Doppler is a completely noninvasive, real-time, easily repeatable, readily available, and economical method for evaluation of hemodynamics of MMD.[55] It offers information about quantitative flow characteristics, including ratio between systolic and end-diastolic velocity, flow resistance, and vessel pulsatility. This technique has been used to measure blood flow volume in the ICA as a correlate for CBF in the corresponding hemispheres.[12,45] Thus, Doppler can be used to assess the preoperative and postoperative changes of MMD and MMS. Ruan et al[56] reported that transcranial color Doppler and power Doppler can be used to display the steno-occlusive changes of intracranial arteries and Moyamoya vessels, which could be used to make diagnosis of MMD when combined with the symptoms and hemodynamic changes of extracranial arteries.

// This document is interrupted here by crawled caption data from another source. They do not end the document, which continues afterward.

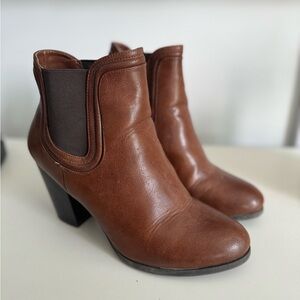 Vegan Leather Brown Booties from Call it Spring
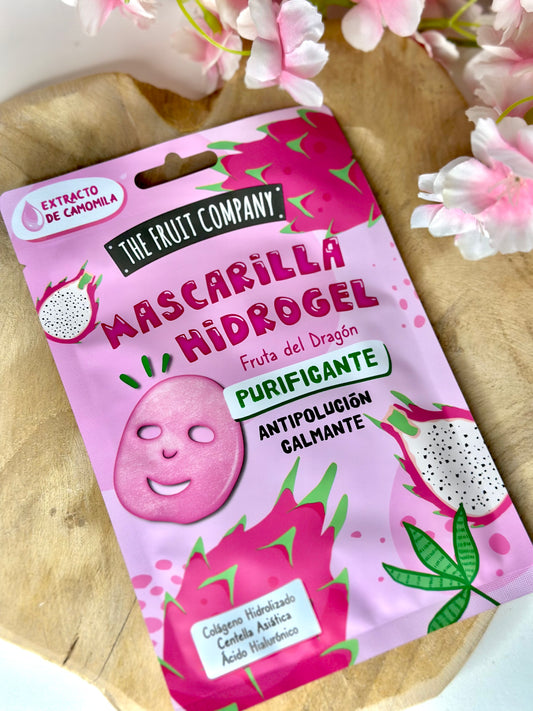 Masque hydrogel visage au fruit du dragon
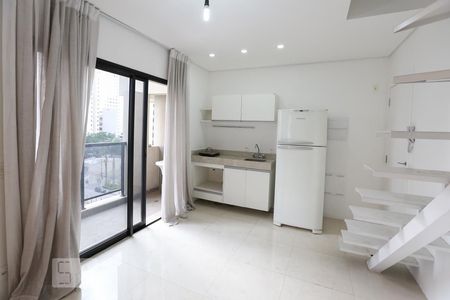 Sala de apartamento à venda com 1 quarto, 65m² em Vila Olímpia, São Paulo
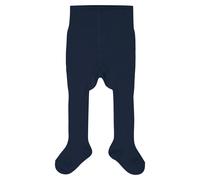 FALKE Unisex Baby Strumpfhose Cosy Rib B TI Baumwolle Kaschmir dick einfarbig 1 Stück, Blau (Midnight 6098), 62-68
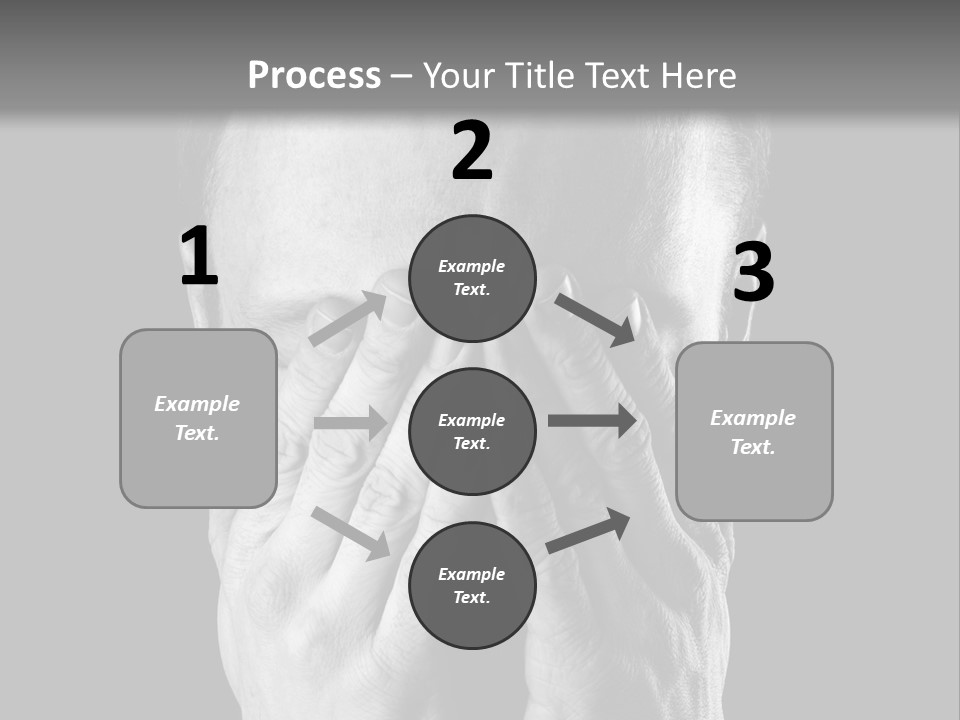 A Man Covering His Face With His Hands PowerPoint Template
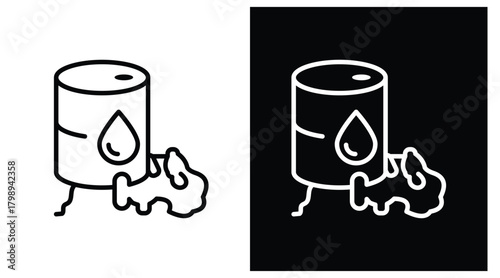 spill Two-tone version in black and white background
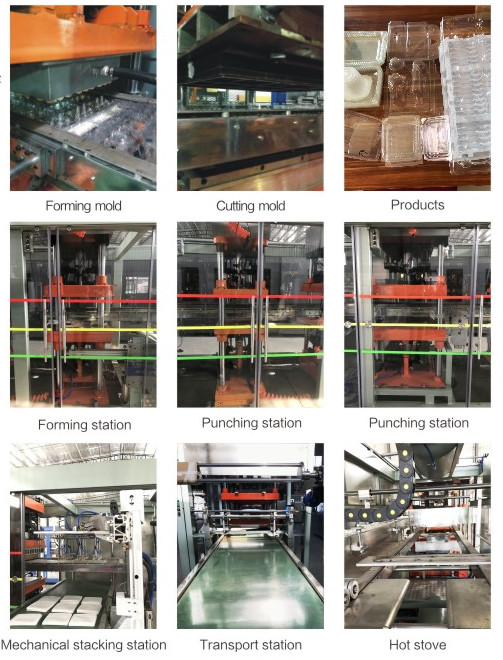 3KW Servo Disposable Plate Making Machine Industrial Vacuum Forming 2.7m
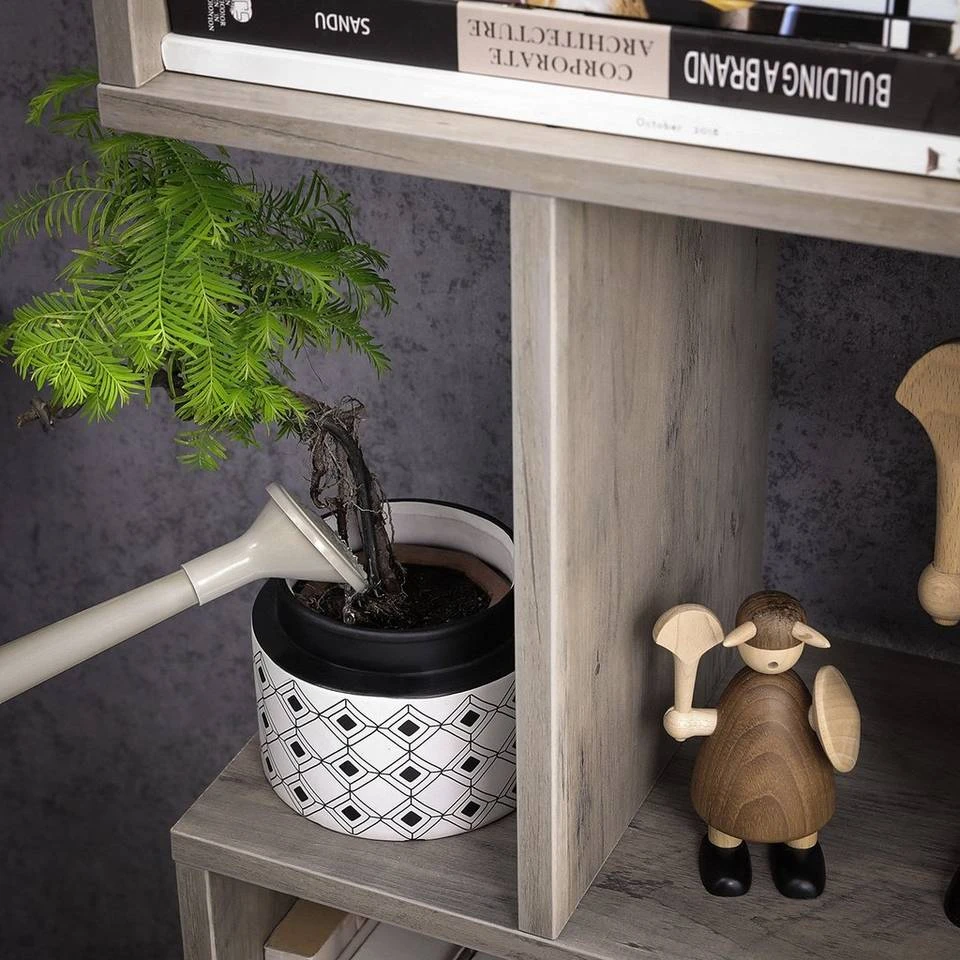 VASAGLE Bücherregal »LBC61BX LBC61WT LBC061M01 LBC41BX«, Standregal, Würfelregal, 4 Fächer, vintage Grau, Weiß 31 VASAGLE Bücherregal »LBC61BX LBC61WT LBC061M01 LBC41BX«, Standregal, Würfelregal, 4 Fächer, vintage Grau, Weiß – Bild 29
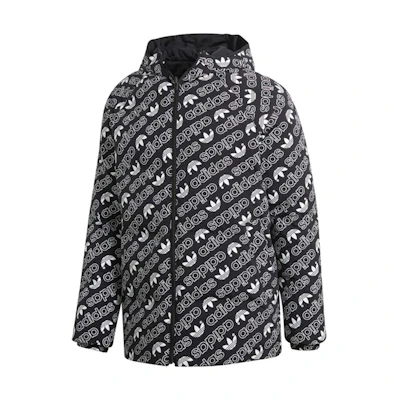 Adidas Originals Reversible Puffer Jacket Black/White DP8561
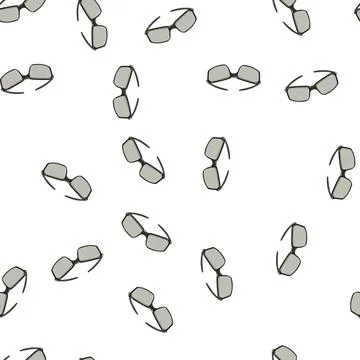 Pattern summer sunglasses men cartoon vector Stock Illustration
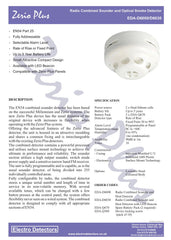 EDA D6030 Zerio Plus Wireless Heat Detector with Sounder Beacon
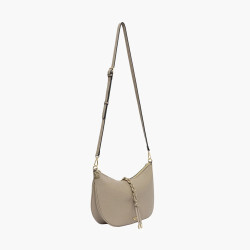 Lollipops Tracy Demi-Moon Shoulder Bag Beige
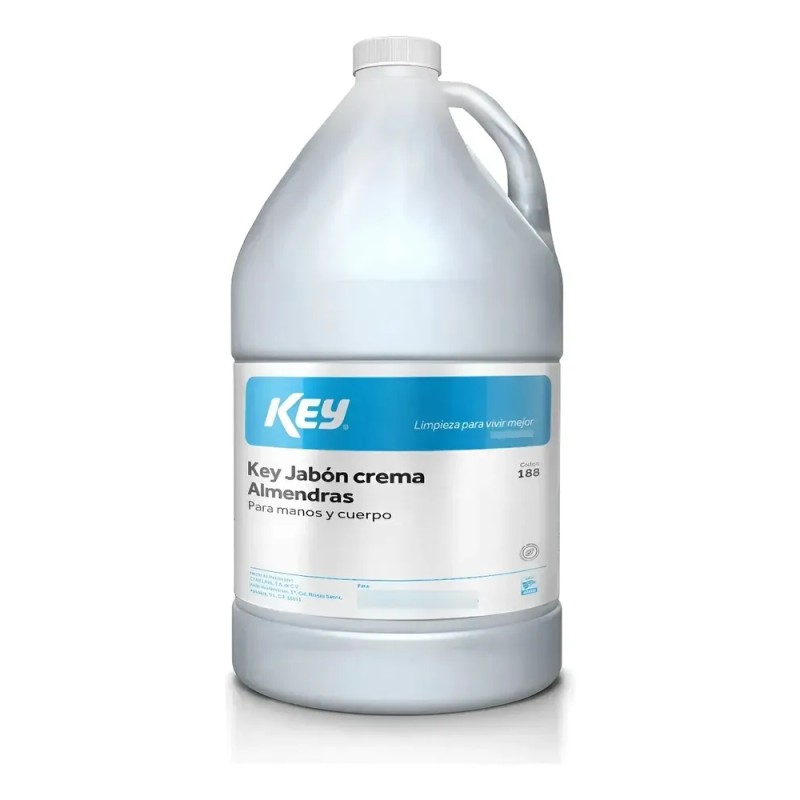Jabón En Crema Almendras Para Manos Y Cuerpo Key 4
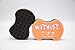 Nudred Hair Sponge for Black Men and Women, Hair Twisting Sponge, Barber Curling Care Tool, Brushes for Curling Afro Style Dreads, Curls, Coils & Twists, Curl Sponge Brush with Small Holes, Orange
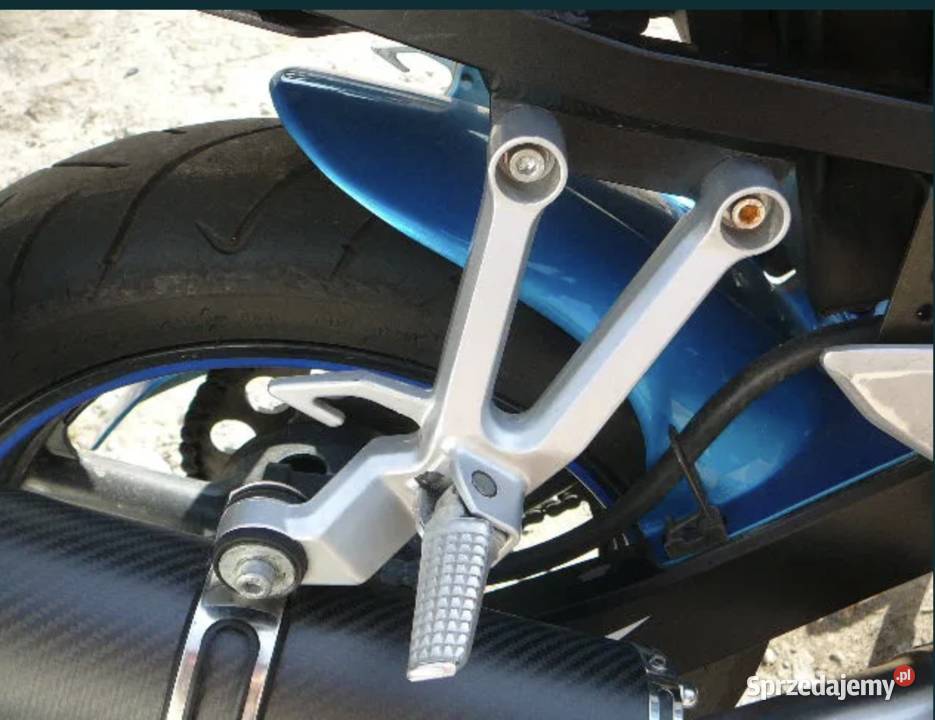 Set tył Suzuki SV650 N Podnóżki i stopki Ostrzeszów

Some authors suggested that duplex ultrasonography is a reliable method to evaluate the postoperative changes of MMD.[57,58]

CONCLUSIONS

To this day, different imaging modalities have been used for diagnosis of MMD and MMS and for evaluation of the prognosis after various treatments of MMD and MMS. Each of these imaging techniques has its strengths and weaknesses, and each of them can be performed for different purposes in management of MMD and MMS. Apparently, the most valuable and acceptable imaging modality is based on the facts that it should have less injury to the human body, need less or no injection of contrast media, as well as be technically stable and convenient. Quantitative MRI-based methods and Doppler may become promising tools for accurate diagnosis of MMD and MMS, whereas establishment of standardized protocols for preoperative and postoperative evaluation with different imaging techniques is warranted in the further science for MMD and MMS.